Lesson Plan: Nonrenewable Energy Resources Coal, Oil and Natural Gas/Greenhouse Gases G8

Written By: Amy Beske
Grade Level: Grade 8

Time Allotment

Two - Five class periods

Overview

Nonrenewable energy resources including fossil fuels are used faster than they can be replaced. Inexhaustible energy resources are sources of renewable energy that will not run out in the future. People use a variety of earth’s mineral resources to meet a diverse range of needs.
For copies of the worksheets, go here: Nonrenewable_Energy_Resources_Lesson.pdf

Subject Matter

Earth Science, Language Arts, Geography, History

Learning Objectives

The students will:
  • identify examples of nonrenewable energy resources.
  • describe the advantages and disadvantages of using fossil fuels.
  • compare and contrast inexhaustible and renewable resources.
  • explain why inexhaustible and renewable resources are used less than nonrenewable resources.
  • Media Components - Video/Web

    1. Use earth science textbook or the following website sponsored by the U.S. Energy Information Association http://www.eia.gov/kids/energy.cfm?page=nonrenewable_homebasics
      (have your students click on oil, coal or natural gas to read about each)
    2. Video Clips from Prairie Public North Dakota Studies website http://www.ndstudies.org/
    3. Search for the following three video clips, approximately 10 minutes in length each ‐
    4. The Formation of Fossil Fuels video clip ‐ 2 minutes 25 seconds in length.
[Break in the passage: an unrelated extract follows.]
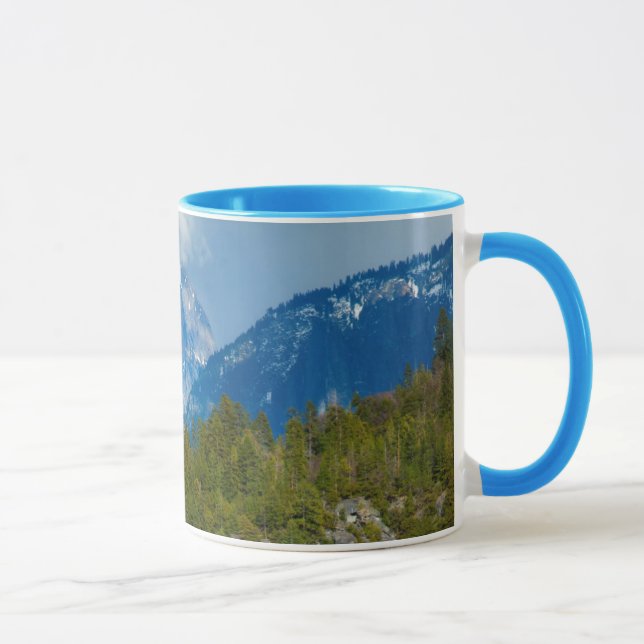 USA, California. View Of Half Dome In Yosemite Mug (Right)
Show at the end of the day prior to the start of the fossil fuel

    Materials

    • Access to website www.eia.gov/kids/energy.cfm?page=nonrenewable_homebasics
    • Download/print copies from the website of the articles about the three fossil fuels.
    • Make copies of the worksheet (attached on top)
    • Small sheets of tag board – one for each student/group
    • Venn Diagram on board.

    Teacher Preparation

    • Preview the student readings. If using the website from the U.S. Energy Information Association print off the readings for your student groups or have computer access for them.
    • Gather and prepare small sheets of tag board (approx. 81/2 X 11") for each student group.
    • Preview the video clips from Prairie Public North Dakota Studies website. Have a projector available.
    • Make copies of student worksheets for the readings on fossil fuels.
    • Prepare a Venn Diagram with three circles. Identify each circle with the word Coal, Oil or Natural Gas. Prepare the formation chart on a white board or makes copies of the worksheet.
    • Makes copies of the Family Energy Contract and the student/parent signature sheet.
    • Have paper for folding into four quadrants.
    • Have enough note cards so everyone in class receives one. One of the following words should be written each of the cards ‐ PRAIRIE, WETLAND, FARMLAND or FOREST.
    • Have a can of clear soda pop and a handful of raisins for the demonstration.
    • (Optional) Invite a guest speaker from the local energy company.
    • (Optional) Find pictures of each ecosystem for discussion.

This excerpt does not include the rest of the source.